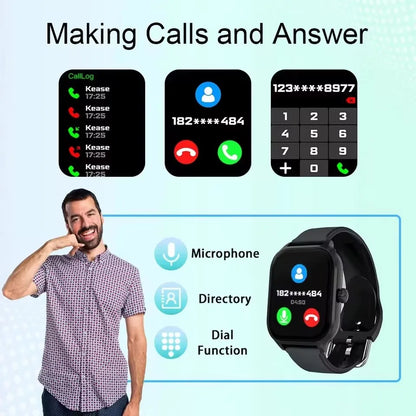 2026 Women Smart Watch Men Full Touch Screen Heart Rate Fitness Tracker Ladies Watch Bluetooth Call Smart Clock for Android IOS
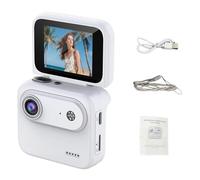 Topiky 4K Sports Action Camera, Image Stabilization Flip Screen Camera with 143° Wide Angle Lens for Cycling, and Outdoor Activities (White)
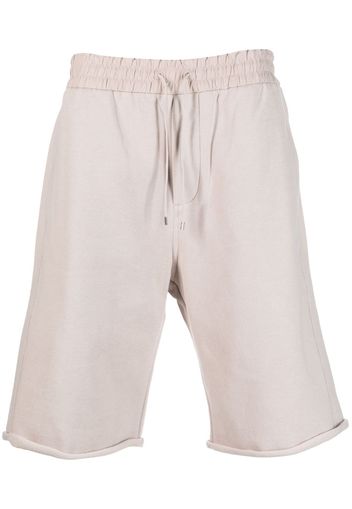 Saint Laurent drawstring-waistband cotton track shorts - Nude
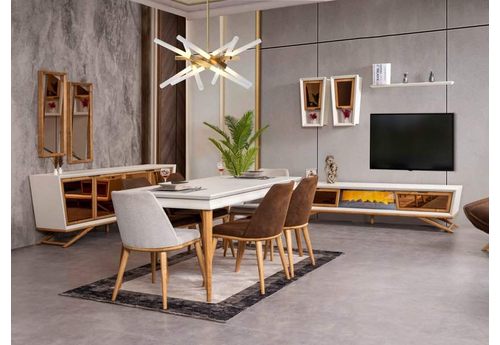 Wow Plus Krem Modern Yemek Odası - sitelerankara.com - Pakel Mobilya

_Work request_. Each line from the one with "Topiky 4K Sports" to the end of the material needs to be output word for word, with no picture included.

_Finished exercise_.
 Topiky 4K Sports Action Camera, Image Stabilization Flip Screen Camera with 143° Wide Angle Lens for Cycling, and Outdoor Activities (White)
 Saint Laurent drawstring-waistband cotton track shorts - Nude
 Wow Plus Krem Modern Yemek Odası - sitelerankara.com - Pakel Mobilya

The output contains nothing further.